Today marks another great day for Buffalo, past, present, and future. The Buffalo History Museum has unveiled its $2 million historic restoration project, located at the Museum’s lower level. This expanded 4,400 sq. ft. gallery section of the museum – the Portico Gallery – has been boarded up for years – for so long, in fact, that relatively few people even knew it was there. But now, it is gleaming in all of its glory.

The gallery leads down to a rotunda and park side door which once served as a grand entryway to the 1901 Pan-American Exposition.

Not only is this “new” gallery space perfect for exhibitions, it also features three doorways that lead to the exterior of the building, which provides visitors with spectacular vantage points via the rotundo. There are two beautiful elevated lawns on either side of the gallery space, perfect for all sorts of outdoor events. These lawns now join the portico as readily accessed assets that elevate the Museum’s overall standing when it comes to viability and functionality.

The meticulous reconditioning of the Portico Gallery was the second major phase of the restoration of the lower level, which is part of the Museum’s new Master Plan. It was also part of the original architect’s – George Cary – vision for the building.

This was the second phase of the “Restore, Reactivate, Reconnect” project, which restores one-third of the total space within the Museum. Prior to this, Phase I – completed in fall 2019 – saw the restoration of the park side entryways and windows, which is meant to reconnect the building’s original entrance to Delaware Park. That initial phase included construction of new exhibit space on the second floor.

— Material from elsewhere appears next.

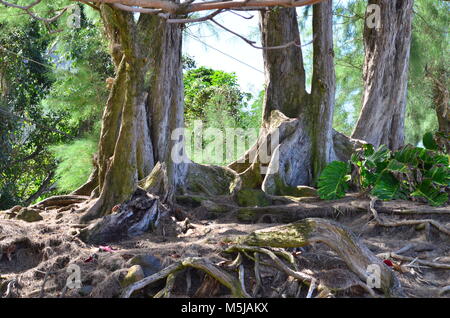 Eine Gruppe von twisted Baumwurzeln verstrickt sind das Ergebnis der Erosion und der Gezeiten in heraus auf die Banken in Hawaii Stockfoto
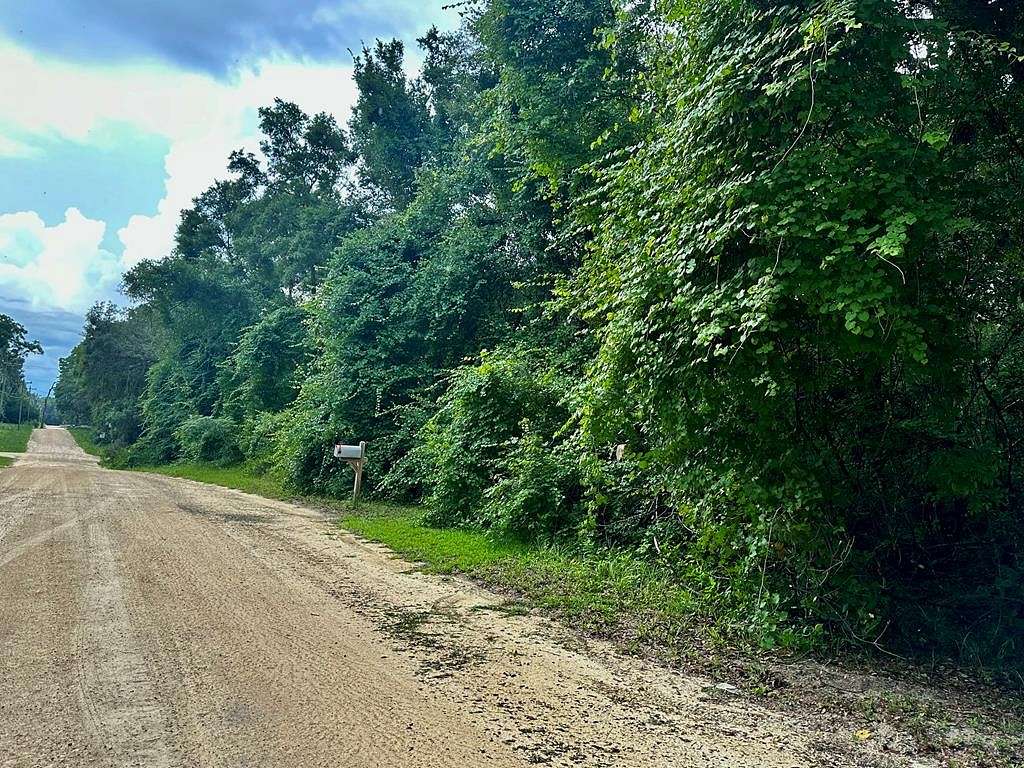 0.23 Acres of Land for Sale in Chiefland, Florida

“This project is the culmination of our Restore, Reactivate, and Reconnect Campaign,” said Greg Tranter, President of The Buffalo History Museum’s Board of Managers. “5 years of planning and execution has resulted in transforming 6,000 sq. ft. within our building – both what is now our Ralph C. Wilson, Jr. Gallery and the space under our portico that was closed to the public for 30 years. This directly opens the Museum back to Delaware Park and provides us a new space for the community to gather, appreciate, and connect with history.”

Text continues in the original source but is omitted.